● Recorded information:
####################

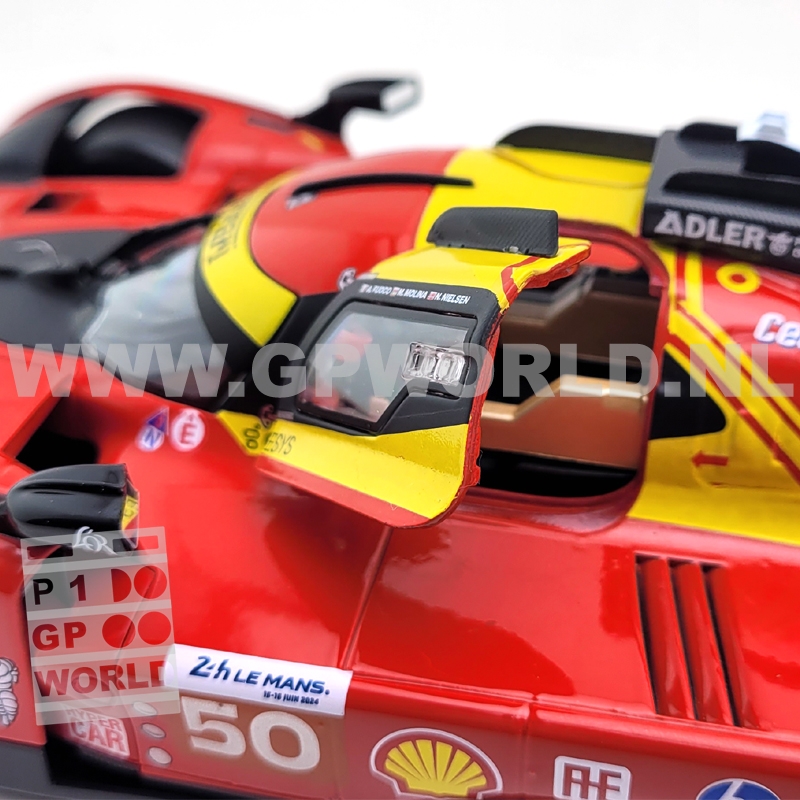 2024 Ferrari 499P #50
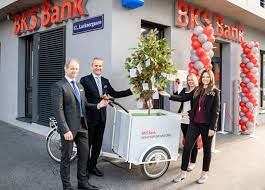 Wer ist in der branche bank / sparkasse in wien besser? News Bks Bank Eroffnet Zwei Neue Filialen Bks Bank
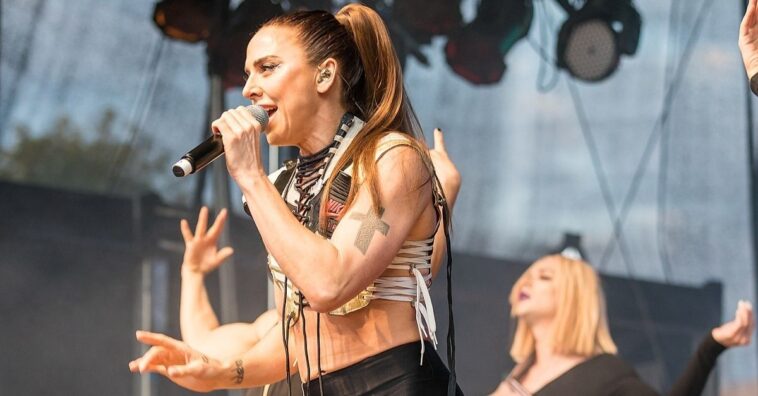 Curiosidades sobre Melanie C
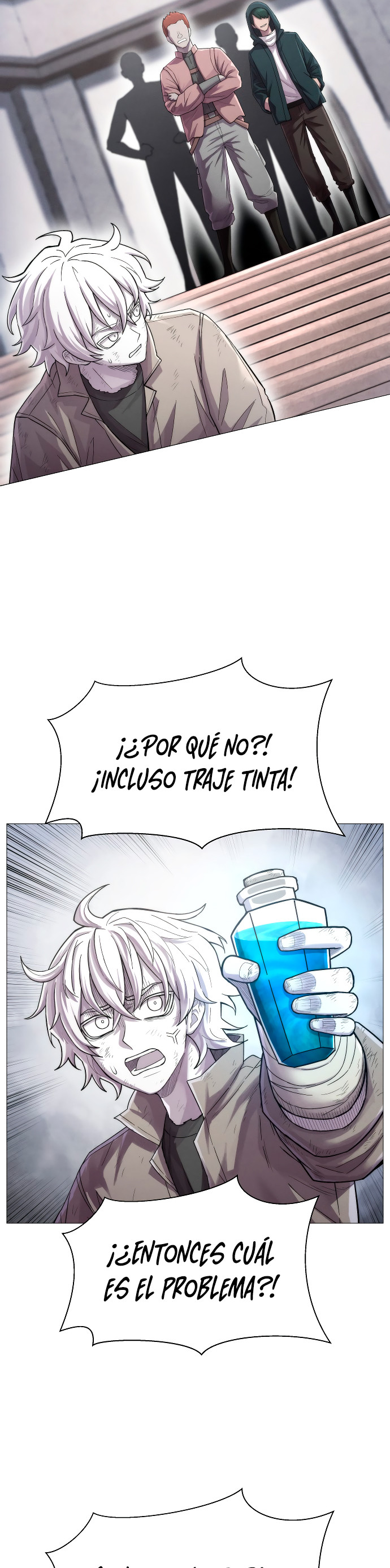 El colorista - Capítulo 1 - Página 12 - LectorTMOo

####################

● Your instructions:
Say again, word for word, every line from the one with "Curiosidades sobre Melanie C" through the last line of the data above, minus the pictures.

● Exercise output:
 Curiosidades sobre Melanie C
 El colorista - Capítulo 1 - Página 12 - LectorTMOo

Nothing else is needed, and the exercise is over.